Analyze the results of a completed experiment.
def analyze(
    self,
    current_result: ExperimentResult,
    state: ExperimentState,
) -> AnalysisResult:
    """Analyze the results of a completed experiment.

    Args:
        current_result: The experiment result to analyze.
        state: Current experiment state with history.

    Returns:
        AnalysisResult with comparisons and observations.
    """

Parameters

current_result
ExperimentResult
required
The experiment result to analyze, containing:
  • experiment_name (str): Name of the experiment
  • iteration (int): Iteration number
  • model_type (str): Model class used
  • metrics (dict): Dictionary of metric names to values
  • hypothesis (str): Hypothesis being tested
  • success (bool): Whether experiment completed successfully
  • error_message (Optional[str]): Error details if failed
state
ExperimentState
required
Current experiment state containing:
  • experiments (list[ExperimentResult]): Historical results
  • config (Config): Configuration including primary metric
  • best_metric (Optional[float]): Best metric value so far
  • best_experiment (Optional[str]): Name of best experiment

Returns

AnalysisResult
AnalysisResult
Analysis result containing:
  • experiment_name (str): Name of analyzed experiment
  • iteration (int): Iteration number
  • success (bool): Whether experiment succeeded
  • primary_metric (Optional[MetricComparison]): Detailed metric comparison
  • trend_pattern (TrendPattern): Detected performance trend
  • key_observations (list[str]): Actionable insights (3-5 bullet points)
  • reasoning (str): Detailed explanation of the analysis

get_analysis_count

Get the number of analyses performed.
def get_analysis_count(self) -> int:
    """Get the number of analyses performed."""

Returns

count
int
Total number of experiment results analyzed by this instance.

Data Structures

MetricComparison

Detailed comparison of the current metric value against historical benchmarks.
@dataclass
class MetricComparison:
    metric_name: str
    current_value: float
    baseline_value: Optional[float]
    best_value: Optional[float]
    previous_value: Optional[float]
    change_from_baseline_pct: Optional[float]
    change_from_best_pct: Optional[float]
    change_from_previous_pct: Optional[float]
    is_improvement: bool
    is_new_best: bool
Fields:
metric_name
str
Name of the primary metric being compared (e.g., “rmse”, “f1”).
current_value
float
Current experiment’s metric value.
baseline_value
Optional[float]
Baseline metric value (typically from iteration 0).
best_value
Optional[float]
Best metric value achieved so far across all experiments.
previous_value
Optional[float]
Metric value from the previous iteration.
change_from_baseline_pct
Optional[float]
Percentage change from baseline.

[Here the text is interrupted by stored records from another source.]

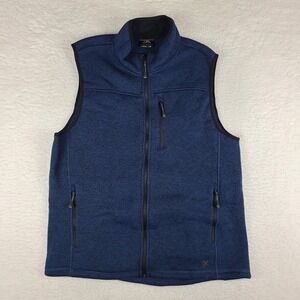 ZeroXposur‎ Sweater Vest Mens Large Blue Black Full Zip Sweatshirt Zipper Pocket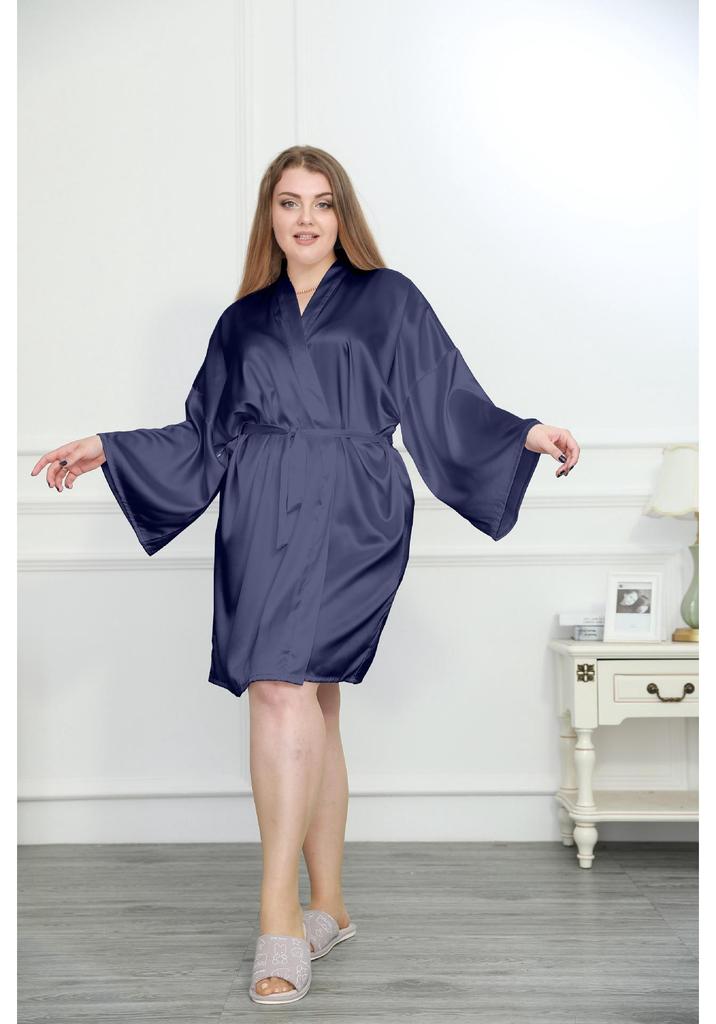 Plus Size Long Sleeve Nightgown: Women's Fresh Sexy V-Neck Tie-Up Pajamas Loungewear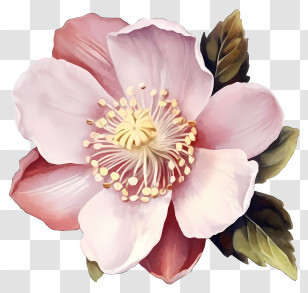 Watercolor Painting - Pink Flower With Delicate Petals Transparent PNG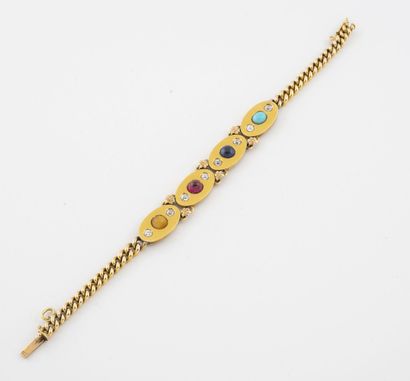 Articulated bracelet in yellow gold (585)...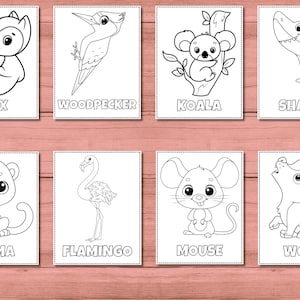 Puede incluir: P&aacute;ginas para colorear en blanco y negro con varios animales, incluyendo un zorro, un p&aacute;jaro carpintero, un koala, un tibur&oacute;n, un puma, un flamenco, un rat&oacute;n y un lobo. Cada animal est&aacute; representado en un estilo simple y de dibujos animados.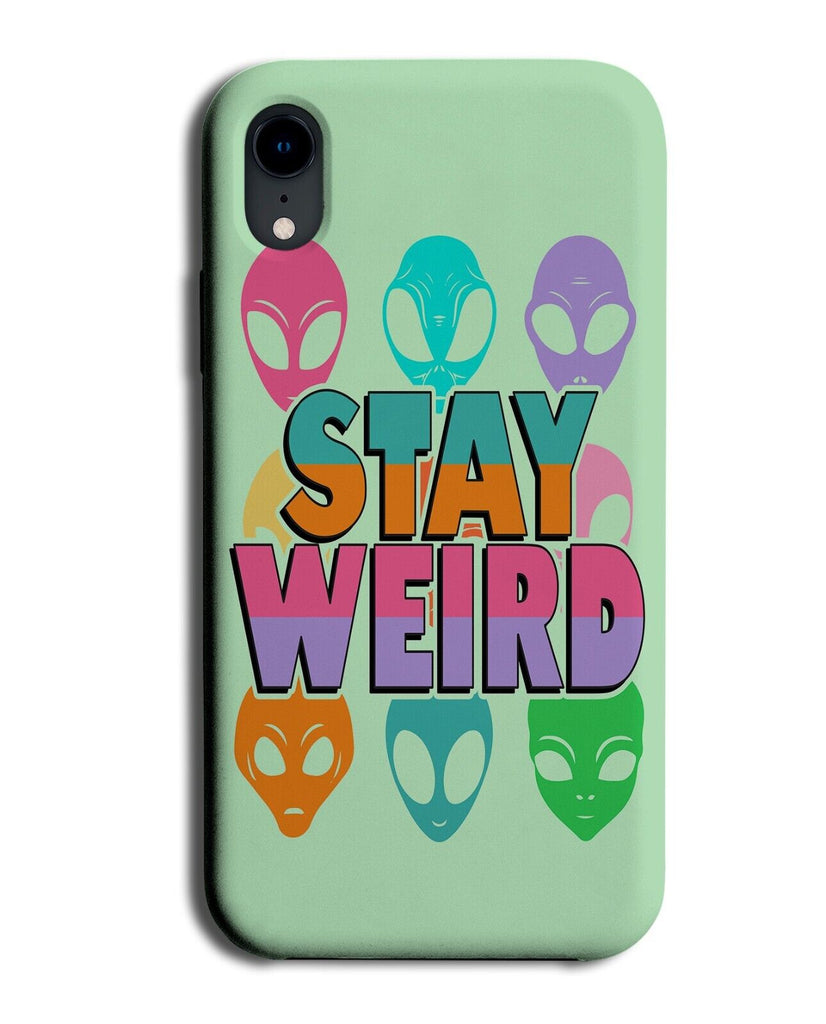 Stay Weird Alien Phone Case Cover Aliens Faces Retro Funny Odd Oddball BG99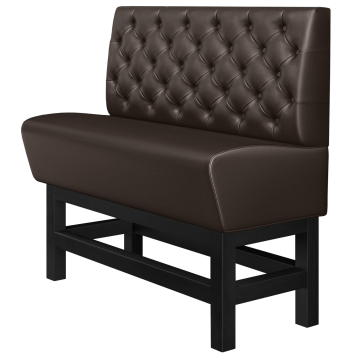MIAMI | Gastro Hochbank | B:H 140 x 133 cm | Dunkelbraun | Chesterfield | Leder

Positive indicates improvement (accounting for metric direction).
change_from_best_pct
Optional[float]
Percentage change from best. Positive indicates improvement over current best.
change_from_previous_pct
Optional[float]
Percentage change from previous iteration. Positive indicates improvement.
is_improvement
bool
Whether current result represents an improvement over best (considering improvement threshold).
is_new_best
bool
Whether current result is the new best result.

TrendPattern

Enum representing detected performance trends across recent iterations.
class TrendPattern(Enum):
    INITIAL = "initial"          # Fewer than 3 experiments
    IMPROVING = "improving"      # Consistent improvement over 2+ iterations
    DEGRADING = "degrading"      # Consistent degradation over 2+ iterations
    PLATEAU = "plateau"          # Less than 0.5% change for 2+ iterations
    FLUCTUATING = "fluctuating"  # Alternating improvement/degradation

Metric Direction Handling

The analyzer correctly handles metrics where different directions indicate improvement:

Lower is Better

  • RMSE, MSE, MAE, log_loss, error

Higher is Better

  • accuracy, f1, r2, precision, recall, AUC
Percentage changes are always calculated so that positive values indicate improvement, regardless of metric direction.

System Prompt

The analyzer uses a comprehensive system prompt that guides Gemini to:
  • Compare results against baseline, best, and previous experiments
  • Identify meaningful improvements versus noise
  • Detect patterns across iterations
  • Consider both primary and secondary metrics
  • Note anomalies or unexpected results
  • Provide observations that inform next experiment design

Usage Examples

Basic Analysis

from src.cognitive.gemini_client import GeminiClient
from src.cognitive.results_analyzer import ResultsAnalyzer

# Initialize
client = GeminiClient()
analyzer = ResultsAnalyzer(gemini_client=client)

# Analyze latest result
analysis = analyzer.analyze(
    current_result=latest_result,
    state=experiment_state
)

print(f"Success: {analysis.success}")
print(f"Trend: {analysis.trend_pattern.value}")
print(f"\nKey Observations:")
for obs in analysis.key_observations:
    print(f"  - {obs}")

Detailed Metric Comparison

analysis = analyzer.analyze(current_result, state)

if analysis.primary_metric:
    mc = analysis.primary_metric
    print(f"Metric: {mc.metric_name}")
    print(f"Current: {mc.current_value:.6f}")
    print(f"Baseline: {mc.baseline_value:.6f}")
    print(f"Best: {mc.best_value:.6f}")
    print(f"")
    print(f"Change from baseline: {mc.change_from_baseline_pct:+.2f}%")
    print(f"Change from best: {mc.change_from_best_pct:+.2f}%")
    print(f"Change from previous: {mc.change_from_previous_pct:+.2f}%")
    print(f"")
    print(f"Is improvement: {mc.is_improvement}")
    print(f"Is new best: {mc.is_new_best}")

Trend Detection

analysis = analyzer.analyze(current_result, state)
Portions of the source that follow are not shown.